*Your goal*:
Exactly the lines below starting at the line with "So tell me what" and ending at the line with "Hi, my name" are wanted, with both ends included. Leave out the pictures and add no other lines.

*Supplied entries*:

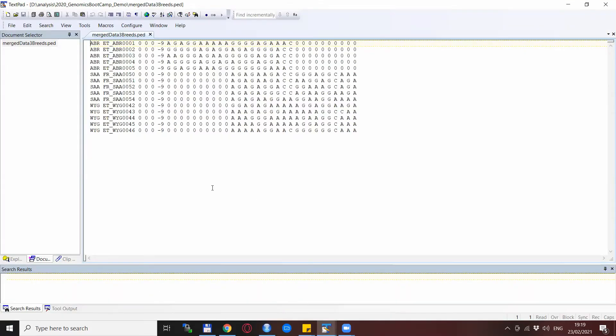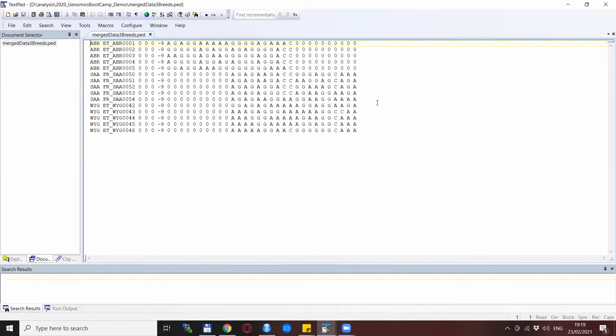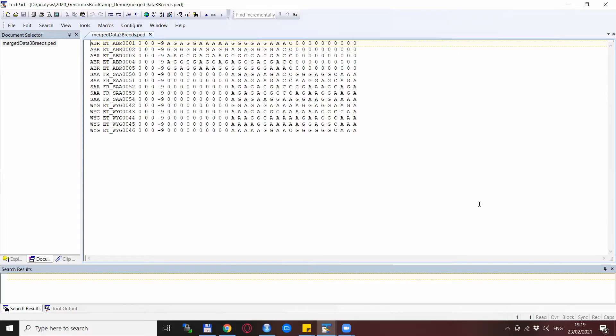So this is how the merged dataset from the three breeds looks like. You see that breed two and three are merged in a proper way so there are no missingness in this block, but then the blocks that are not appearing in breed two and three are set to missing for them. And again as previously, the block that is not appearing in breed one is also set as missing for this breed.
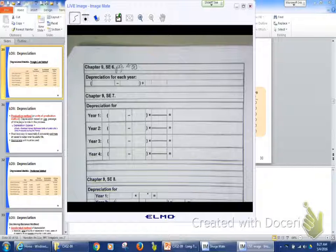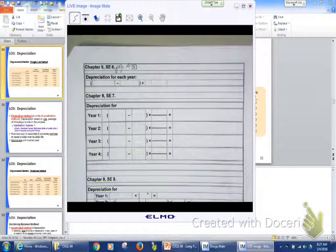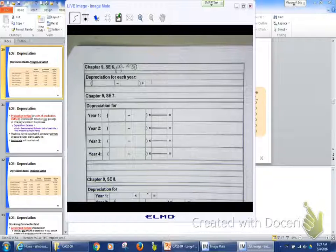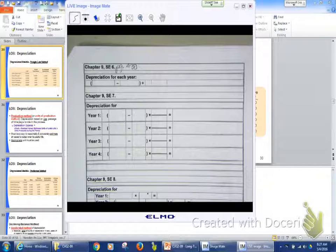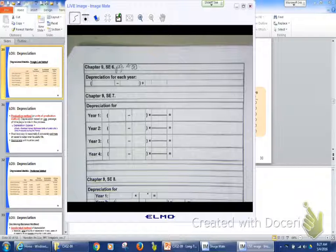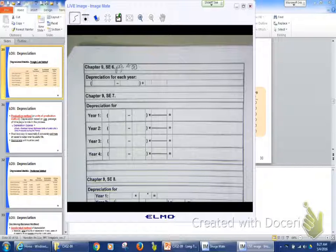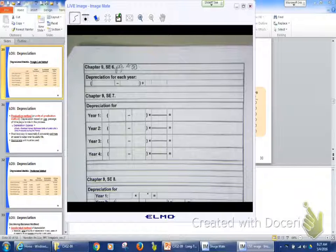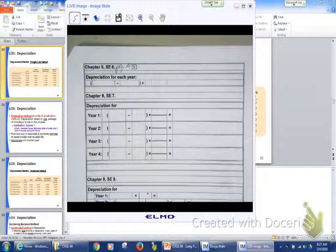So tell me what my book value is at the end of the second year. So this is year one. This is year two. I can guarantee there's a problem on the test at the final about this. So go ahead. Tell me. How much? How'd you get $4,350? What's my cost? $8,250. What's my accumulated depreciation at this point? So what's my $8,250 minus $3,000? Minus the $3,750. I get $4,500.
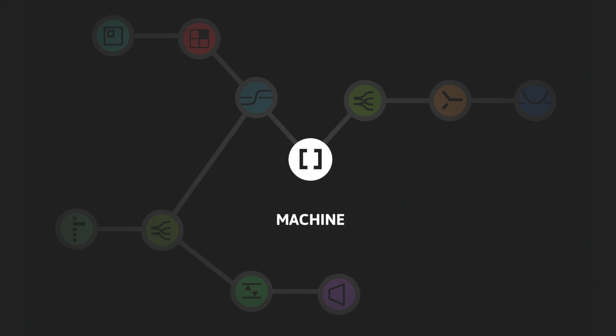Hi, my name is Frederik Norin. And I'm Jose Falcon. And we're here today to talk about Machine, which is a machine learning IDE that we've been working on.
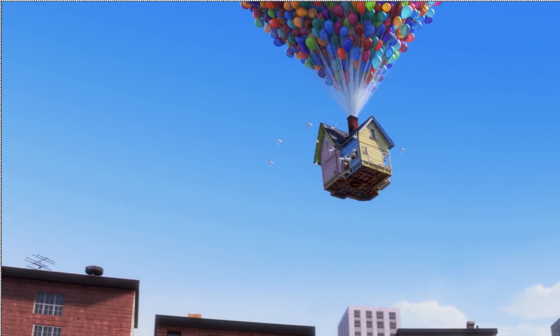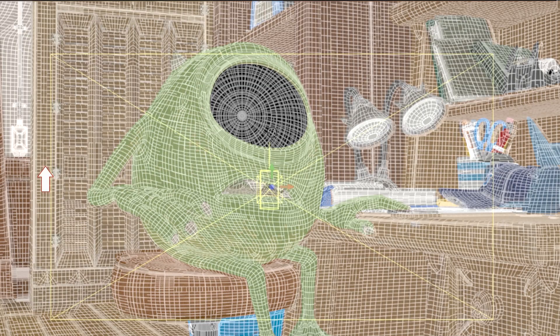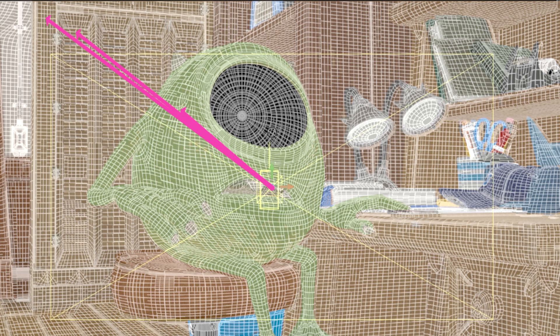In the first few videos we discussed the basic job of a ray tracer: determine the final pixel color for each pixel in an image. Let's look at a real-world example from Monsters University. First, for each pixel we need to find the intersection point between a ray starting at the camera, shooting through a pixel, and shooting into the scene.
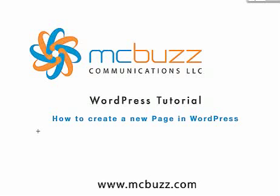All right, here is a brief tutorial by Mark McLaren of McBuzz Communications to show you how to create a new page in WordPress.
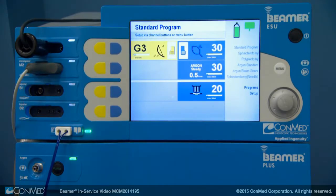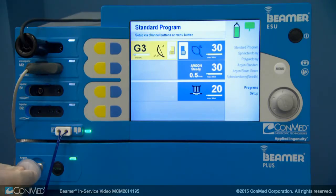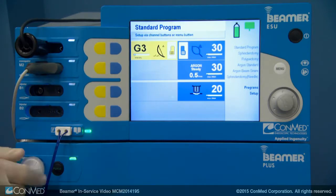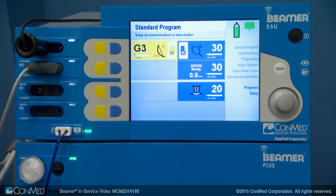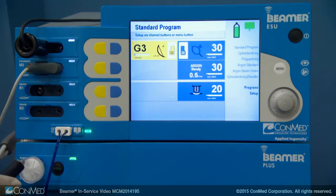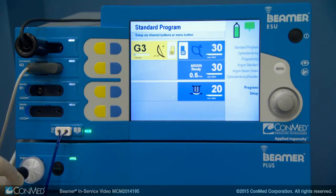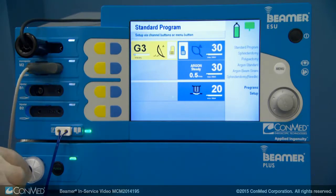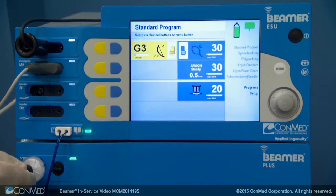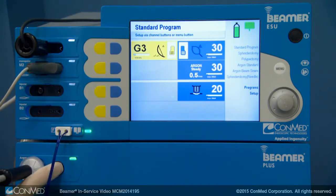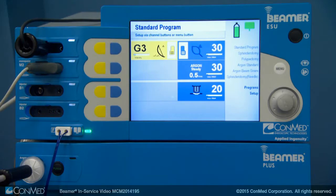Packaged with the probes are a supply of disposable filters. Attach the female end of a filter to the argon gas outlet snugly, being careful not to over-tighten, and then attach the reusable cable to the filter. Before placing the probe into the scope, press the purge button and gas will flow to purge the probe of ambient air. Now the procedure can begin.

*Response for this exercise*:
So tell me what my book value is at the end of the second year. So this is year one. This is year two. I can guarantee there's a problem on the test at the final about this. So go ahead. Tell me. How much? How'd you get $4,350? What's my cost? $8,250. What's my accumulated depreciation at this point? So what's my $8,250 minus $3,000? Minus the $3,750. I get $4,500.
Hi, my name is Frederik Norin. And I'm Jose Falcon. And we're here today to talk about Machine, which is a machine learning IDE that we've been working on.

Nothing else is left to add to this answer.